Sur les perspectives de croissance

Faisant suite à une récession sans précédent en 2011 avec un taux de croissance du PIB à prix constants à hauteur de (-1,9%), une reprise de l’activité économique s’est amorcée en 2012 avec 3,6%, malgré un contexte politique et social plus qu’incertain, avec une prévision actualisée pour 2013 du même ordre contre une projection initiale à hauteur de 4,5%[1], soit une révision globale de (-0,9%). Basée sur les activités marchandes qui ont contribué en moyenne à hauteur de 76,7% à la valeur ajoutée aux prix de marché durant la période 2011-2012, cette reprise est essentiellement imputable à la résilience du secteur de l’agriculture et de la pêche (8,45% en moyenne contre 7,47% en 2010) et d’autres secteurs conventionnellement compétitifs:

de l’industrie manufacturière (16,31% en moyenne contre 16,83% en 2010), tels que essentiellement les industries agro-alimentaires (2,95% en moyenne contre 2,92% en 2010), les industries textiles, habillement et cuir (3,23% en moyenne contre 3,35% en 2010), les industries mécaniques et électriques (5,48% en moyenne contre 5,45% en 2010),
de l’industrie non manufacturière (12,54% en moyenne contre 12,51% en 2010) avec essentiellement les bâtiments et génie civil (4,07% en moyenne contre 4,16% en 2010),
des services marchands (40,74% en moyenne contre 41,13% en 2010), tels que le commerce (7,97% en moyenne contre 7,74% en 2010) et le tourisme (4,31% en moyenne contre 4,99% en 2010).

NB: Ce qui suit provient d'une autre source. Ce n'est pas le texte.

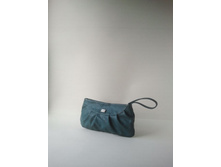 ����� ���. 724-7 (����-�������) - 250 ���..jpg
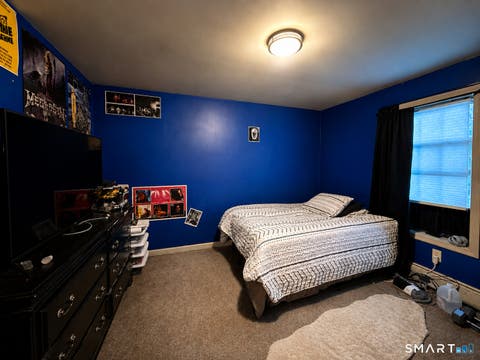 Tiny photo for 25 Lester Drive, Plainfield, CT 06332 (MLS # 24193107)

Toutefois, les taux de croissance affichés durant la période de transition dénotent aussi d’une prépondérance plus accrue des services d’administration publique dans les activités non marchandes (16,78% en moyenne contre 15,06% en 2010) ainsi que de la récession ou déclin transitoire des contributions d’autres secteurs productifs à la valeur ajoutée, et en particulier, des industries chimiques (1,47% en moyenne contre 2,06% en 2010) et des mines (0,45% en moyenne contre 0,77% en 2010).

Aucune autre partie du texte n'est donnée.